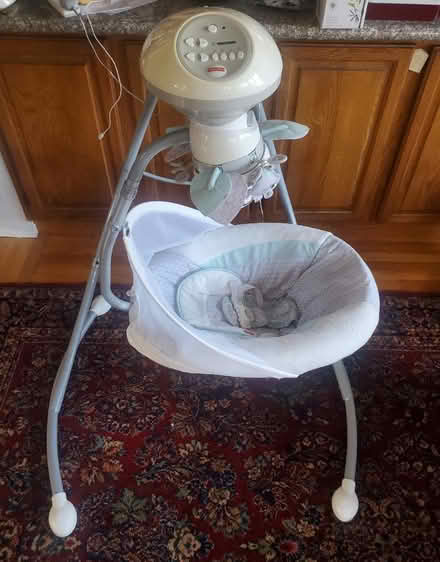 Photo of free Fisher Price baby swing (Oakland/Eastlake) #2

...

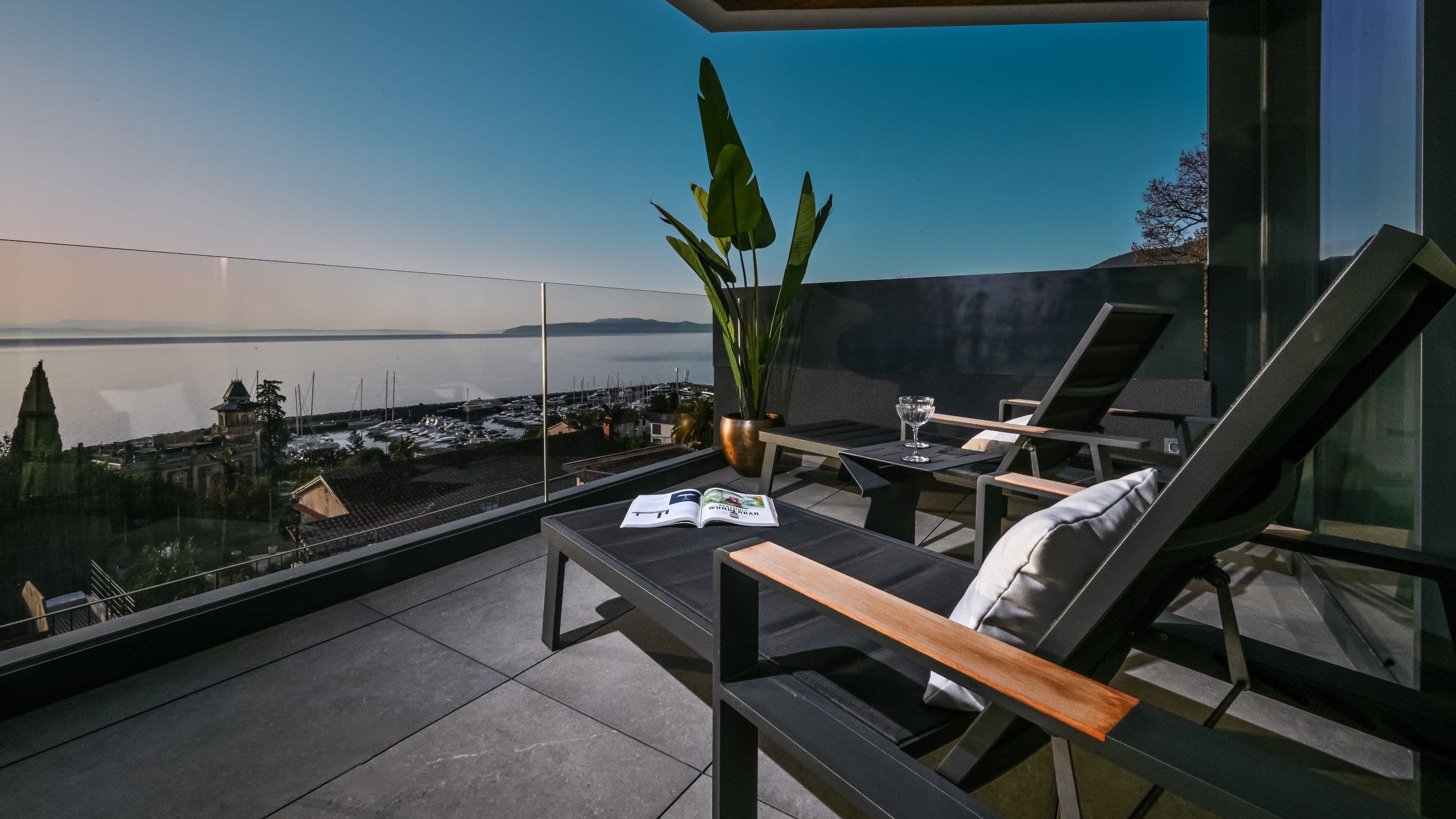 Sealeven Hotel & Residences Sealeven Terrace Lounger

...

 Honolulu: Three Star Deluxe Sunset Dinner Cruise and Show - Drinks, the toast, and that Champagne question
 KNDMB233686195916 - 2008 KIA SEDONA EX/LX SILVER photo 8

*EXERCISE:* Your answer should be the lines of the listing above between the line holding "Honolulu: Three Star" and the line holding "KNDMB233686195916 - 2008", inclusive, restated word for word and alone.

*TASK SOLUTION:*
 Honolulu: Three Star Deluxe Sunset Dinner Cruise and Show - Drinks, the toast, and that Champagne question
 KNDMB233686195916 - 2008 KIA SEDONA EX/LX SILVER photo 8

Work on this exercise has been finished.